Output the line that contains "Vetrate a lamelle, Mirador Torre Glories" together with each line after it, through the final line of the listing below, word for word; omit pictures.

- **INFORMATION SUPPLIED**
..............................
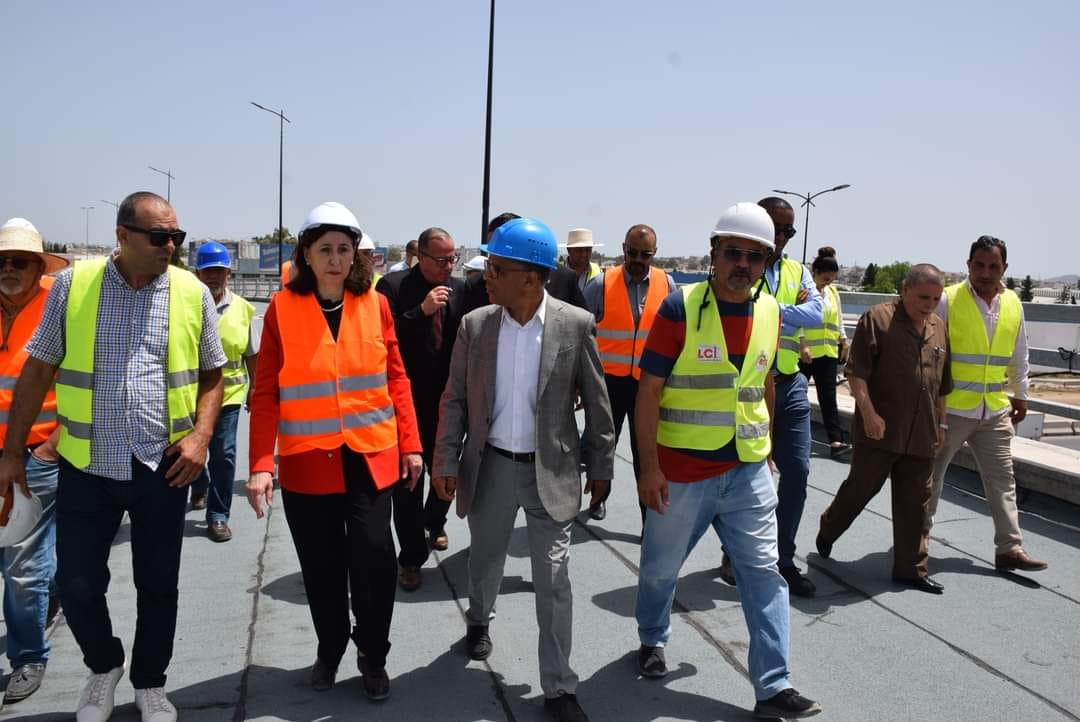 وزيرة التجهيز: نعمل على ربط شرق البلاد بغربه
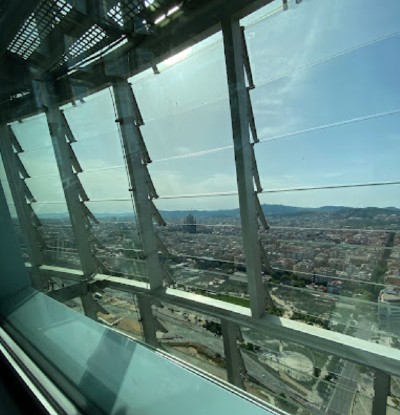 Vetrate a lamelle, Mirador Torre Glories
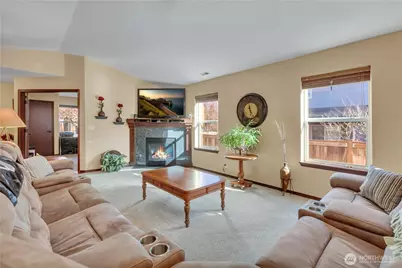 11426 178th Avenue Ct E, Bonney Lake, WA 98391 - Photo 7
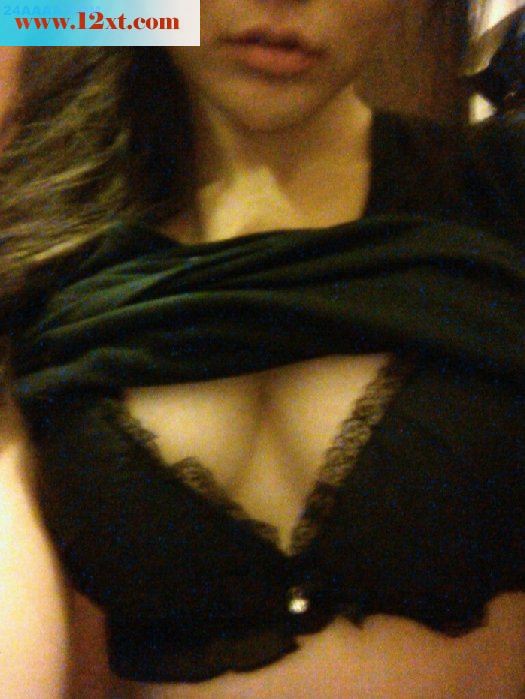 女神级——90后大胸性感自拍，身材完美无缺3[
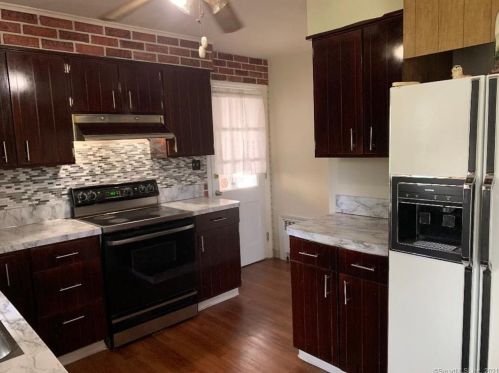 61 Hallock St, Waterbury, CT 06706-2509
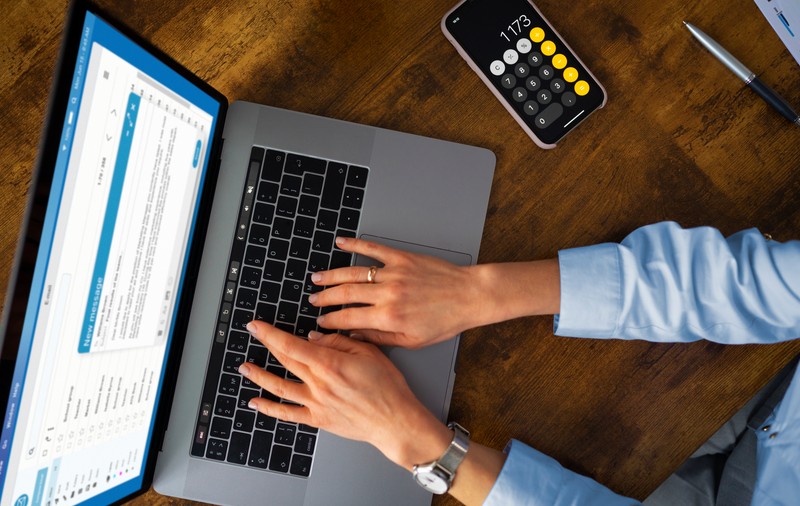 5 avantaje în a lucra cu un expert contabil online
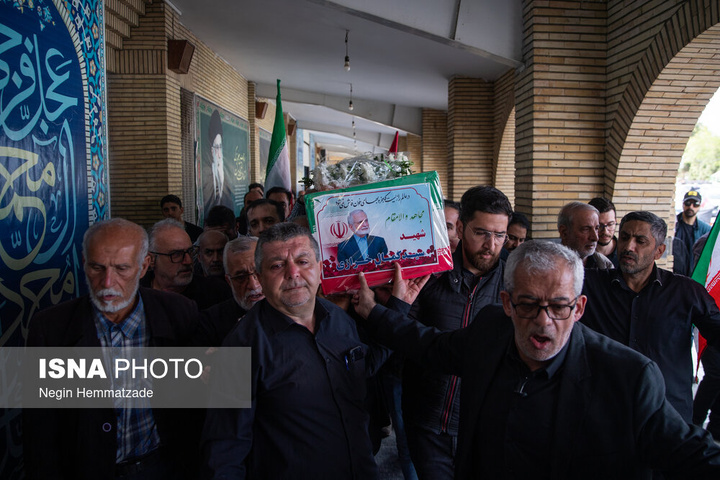 مراسم خاکسپاری پیکر شهید کمال خرازی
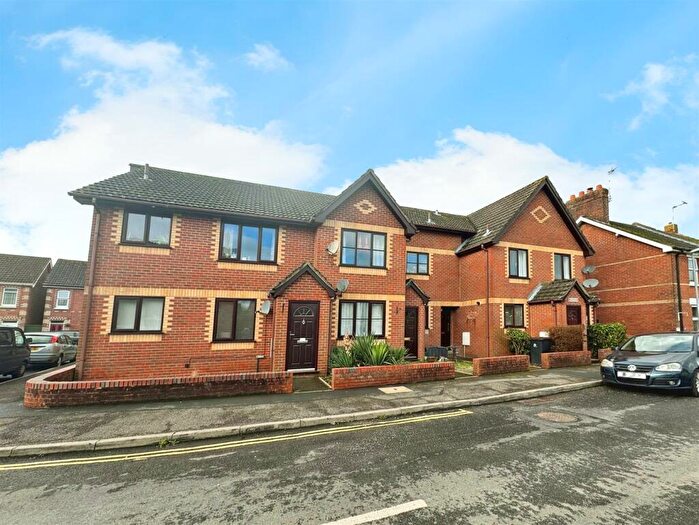2 Bedroom Apartment To Rent In Crescent Road, Wimborne, BH21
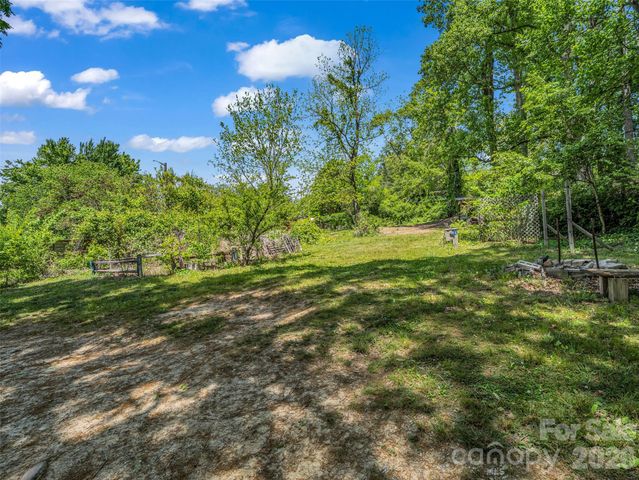 1916 Old Spartanburg Road, Hendersonville, NC 28792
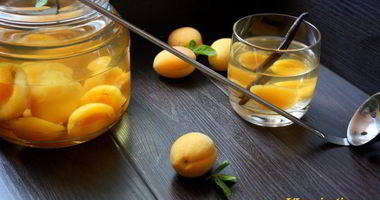 Рецепт Ванильного компота с абрикосами Прохладительные напитки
..............................
- **REPLY TO THE TASK**
 Vetrate a lamelle, Mirador Torre Glories
 11426 178th Avenue Ct E, Bonney Lake, WA 98391 - Photo 7
 女神级——90后大胸性感自拍，身材完美无缺3[
 61 Hallock St, Waterbury, CT 06706-2509
 5 avantaje în a lucra cu un expert contabil online
 مراسم خاکسپاری پیکر شهید کمال خرازی
2 Bedroom Apartment To Rent In Crescent Road, Wimborne, BH21
 1916 Old Spartanburg Road, Hendersonville, NC 28792
 Рецепт Ванильного компота с абрикосами Прохладительные напитки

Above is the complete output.